Verfahrenspflegschaft
I Anordnung u. Aufgaben
Anordnung:
Der Verfahrengspfleger wird gem. § 276 I FamFG bestellt, wenn dies zur Wahrnehmung der Interessen des Betroffenen erforderlich ist.
Nach § 276 II FamFG ist die Bestellung erfordrerlich, wenn
1. von der persönlichen Anhörung des Betroffenen nach § 278 Abs. 4 FamFG in Verbindung mit § 34 Abs. 2 FamFG abgesehen werden soll oder
2. die Bestellung eines Betreuers oder die Anordnung eines Einwilligungsvorbehalts gegen den erklärten Willen des Betroffenen erfolgen soll.
Gesetzliche Aufgaben:
1. Der Verfahrenspfleger hat die Wünsche, hilfsweise den mutmaßlichen Willen des Betroffenen festzustellen und im gerichtlichen Verfahren zur Geltung zu bringen.

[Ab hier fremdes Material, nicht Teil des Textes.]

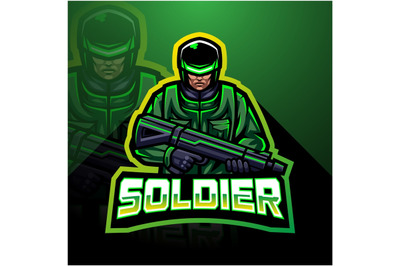 Soldier mascot esport gaming logo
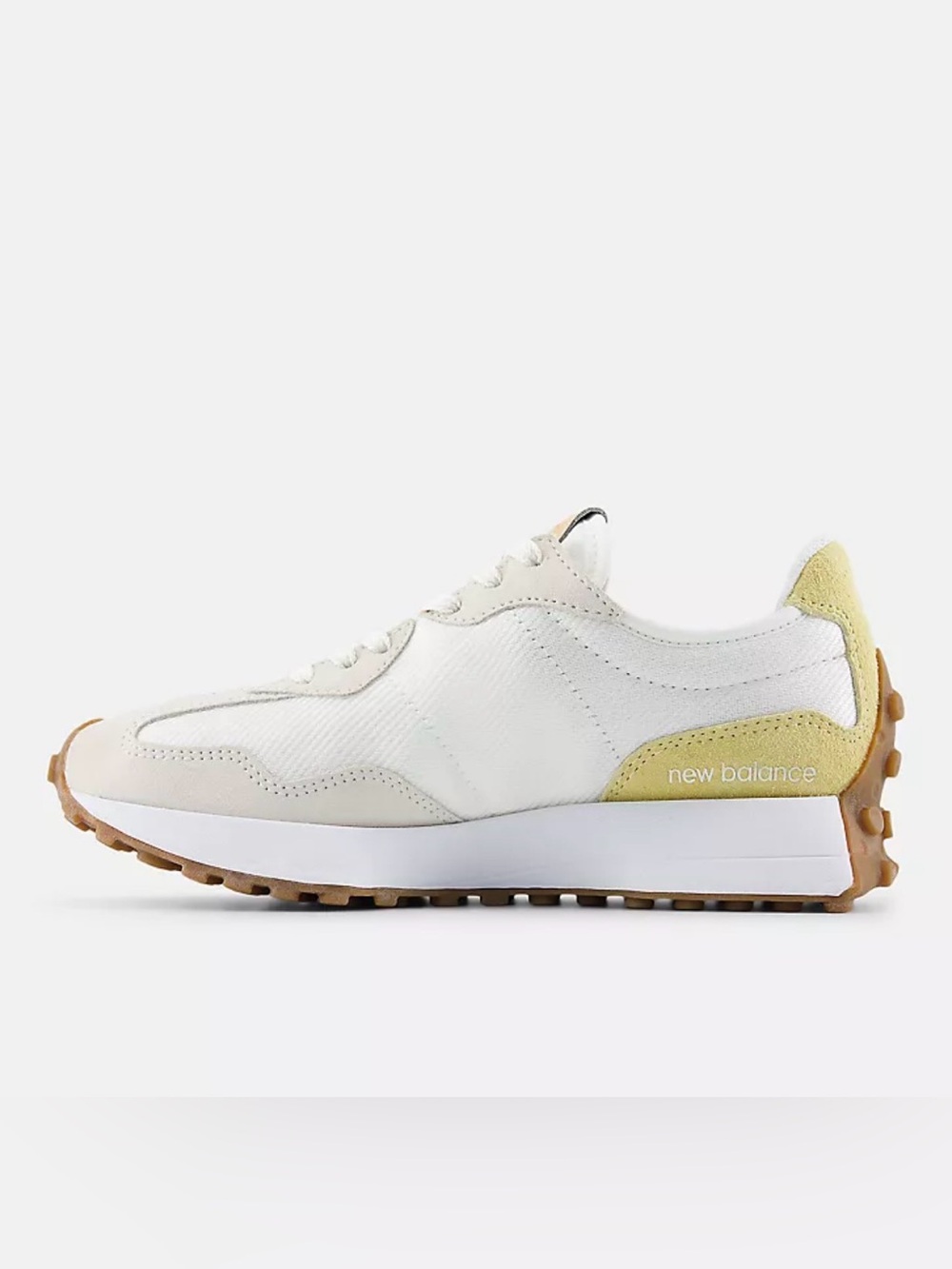 NWT New Balance 327 White, Linen, & Pale Yellow Running Shoe Sneakers - Picture 2 of 8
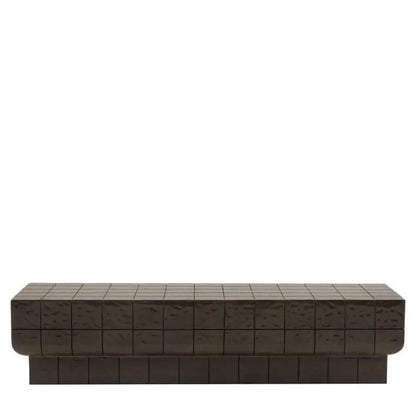 Gallery Direct Novara Rectangular Coffee Table made from glass reinforced concrete in a charcoal brown colour glaze, with faux tile detailing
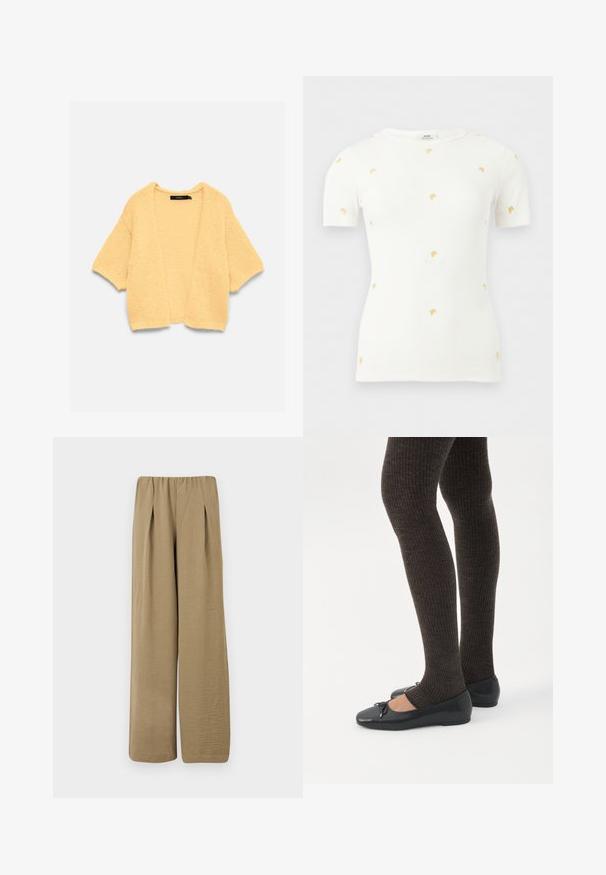 Cardigan court jaune en tricot avec devant ouvert et manches trois-quarts, posé à plat sur fond blanc.; Haut à manches courtes en maille côtelée blanche avec petites broderies de carottes orange dispersées sur le devant et les manches.; Pantalon beige taille haute à jambes larges avec plis et tissu texturé, présenté sur un fond blanc.; Jambes portant des leggings côtelés foncés associés à des ballerines noires avec de petits détails en nœud sur fond blanc.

2. Er hat den Betroffenen über Gegenstand, Ablauf und möglichen Ausgang des Verfahrens in geeigneter Weise zu informieren und ihn bei Bedarf bei der Ausübung seiner Rechte im Verfahren zu unterstützen.
Der Verfahrenspfleger ist (entgegen einiger Entscheidungen) nicht gesetzlicher Vertreter des Betroffenen, sondern ein eigenständiges Rechtspflegeorgan.
Die Bestellung endet, sofern sie nicht vorher aufgehoben wird, mit der Rechtskraft der Endentscheidung oder mit dem sonstigen Abschluss des Verfahrens, $§ 276 VI FamFG.
Der Verfahrenspfleger kann gem. BVerfG Rechtsmittel gegen die Entscheidung der Instanzgerichte führen (siehe Rechtsprechung), wenn dies zur Geltendmachung der Rechte des Betroffenen notwendig ist.
In keinem Fall ist der Verfahrenspfleger "Gegenbetreuer"; die Kompetenzen sind abschließend formuliert. (hierzu LG München I, Beschluss v. 11.05.2021 – 13 T 13463/20)
II Konkludente Bestellung
Nach aktueller Rechtsprechung braucht es für die Bestellung nicht zwingend eine formale, wohl aber eine konkludente Bestellung in Form einer Ladung (BGH, Beschluss vom 16.03.2022 - XII ZB 154/21 = openJur 2022, 8604).
Vorteil ist die kurzfristig mögliche Bestellung, Nachteil ggfs. der unklare Auftrag und damit größerer Schreibaufwand, da in der Stellungnahme auf alle Umstände der Bestellung eingegangen werden muss.